Speaking of the deficit, King Barack the Prudent will bring it down to only $20 billion or so higher than the last of the awful Bush deficits in 2015, but then it’s headed back into trillion-dollar territory. (I wonder how next year’s CBO projections look, after the first ObamaCare insurance industry bailout.) The net number of uninsured people will grow by a million by the end of this year, and real unemployment is stuck permanently in double digits, although a few million more people will thoughtfully leave the workforce so Jay Carney can claim the unemployment rate went down.
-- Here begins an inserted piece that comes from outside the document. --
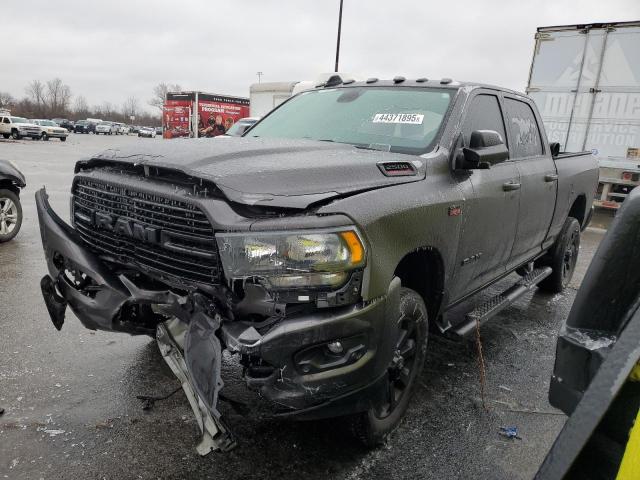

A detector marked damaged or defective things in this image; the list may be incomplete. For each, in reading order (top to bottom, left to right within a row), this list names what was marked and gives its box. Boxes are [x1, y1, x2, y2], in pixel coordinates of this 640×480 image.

The real action for every aspect of the economy happens at the margins. Entry-level jobs are not offered; the people who might otherwise take them decide it’s better to collect benefits and stay out of the workforce. Business expansions are delayed or canceled. Hundreds of dollars trimmed away from salaries to pay inflated ObamaCare premiums leave less money for consumer spending (something Obama used to make a big deal about, back when he was agitating for extension of a Social Security raid disguised as a “middle-class tax cut.”) There is mounting unease over what an unrestrained government that rewrites gigantic programs on the fly might do next.
And the reforms that could deliver economic growth grow ever more unthinkable. The system calcifies; resistance to expanding the sphere of economic freedom stiffens. There are a trillion new ways to say that government can’t “afford” to give citizens the “gift” of allowing them to keep their own money, pursue opportunity according to their own judgment, or engage in mutually profitable commerce. It’s not just that Obama has taken America in the wrong direction; it’s that we can barely see the road not taken from here. Who ever thought we’d reach the point where defenders of an American President would say the loss of two and a half million jobs is a small price to pay for his agenda? It sounds like something that would have appeared in a vintage 2008 conservative parody of a 2014 Obama White House press release.